Emails from the same domain cluster together—useful for B2B analytics where company relationships matter.

JSON: Nested Structure Flattening

JSON columns are flattened and encoded via child embedding spaces:

{
  "address": {"city": "NYC", "zip": "10001"},
  "preferences": {"notifications": true, "theme": "dark"}
}

Becomes:

address.city: "NYC"      → categorical encoding
address.zip: "10001"     → ZIP code encoding (with geo enrichment)
preferences.notifications: true → boolean encoding
preferences.theme: "dark" → categorical encoding

The flattened columns are then encoded using a child embedding space, preserving the hierarchical structure while making it compatible with the main model.

Cross-Column Relationship Examples

Example 1: E-commerce Fraud Detection

Column Type Relationships Discovered
order_amount scalar Ratio with customer average
shipping_zip ZIP Distance from billing ZIP
order_time timestamp Is unusual hour for customer
email_domain email Free email vs corporate
device_fingerprint string Seen before with this customer

Featrix automatically learns: "Large orders to a different ZIP at 3am from a free email domain on a new device" = high fraud risk.

Example 2: Real Estate Pricing

Column Type Relationships Discovered
property_lat/long coordinates Distance to city center
listing_date timestamp Seasonal market effects
bedrooms scalar Price per bedroom
neighborhood category Location premium
description text Keywords vs price (e.g., "renovated")

Featrix learns geographic gradients (price drops with distance from downtown) and seasonal patterns (spring listings command premiums) automatically.

Example 3: Healthcare Risk Prediction

Column Type Relationships Discovered
age scalar Age-condition interactions
diagnosis_codes list Comorbidity patterns
visit_date timestamp Time since last visit
provider_zip ZIP Geographic care patterns
notes text Symptom keywords

Featrix discovers: "Elderly patients with diabetes and recent ER visits in rural areas" = different risk profile than similar patients in urban areas.

Exhaustive Combinatorial Coverage

The random masking strategy isn't just for self-supervision—it's a combinatorial exploration mechanism.

Over hundreds of epochs:

  • Every column is masked from every possible combination of other columns
  • The model learns to predict every column from every context
  • Rare but important relationships surface through repetition

By the end of training, the model has explored the full cross-column signal space.

What This Means for You

You don't configure any of this.
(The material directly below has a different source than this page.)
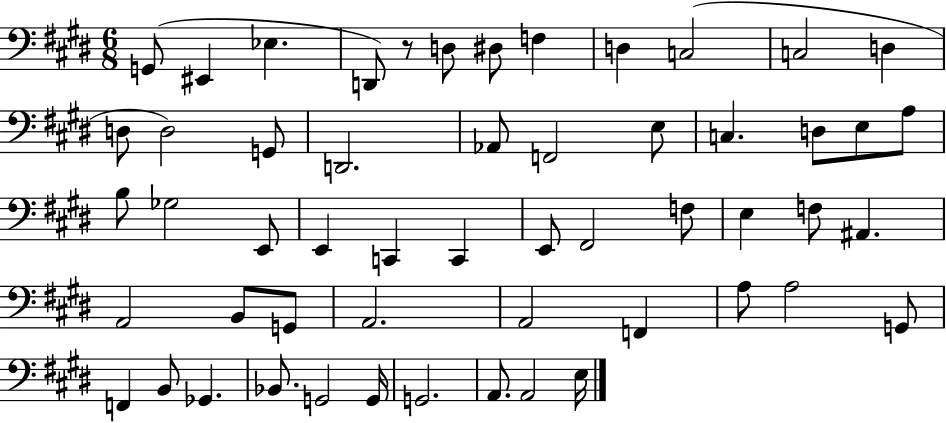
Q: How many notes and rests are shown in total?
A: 54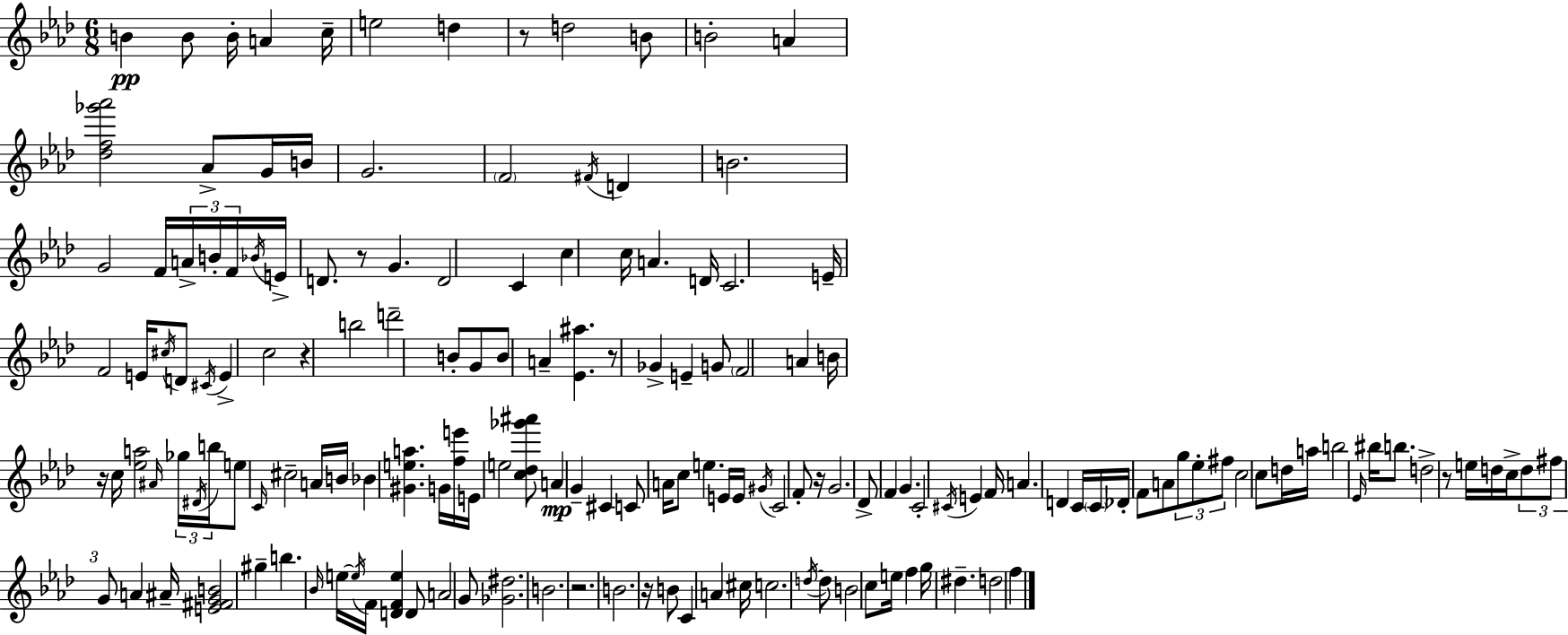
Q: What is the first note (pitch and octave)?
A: B4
Featrix:

  1. Detects column types and related column groups
  2. Extracts appropriate features for each type
  3. Computes pairwise relationships where they make sense
  4. Learns which relationships actually matter for your data
  5. Encodes everything into a unified embedding space

The result: your data's deep structure is captured automatically, producing embeddings that understand "Friday afternoon orders to a ZIP code 500 miles away" as a meaningful pattern—not just three independent values.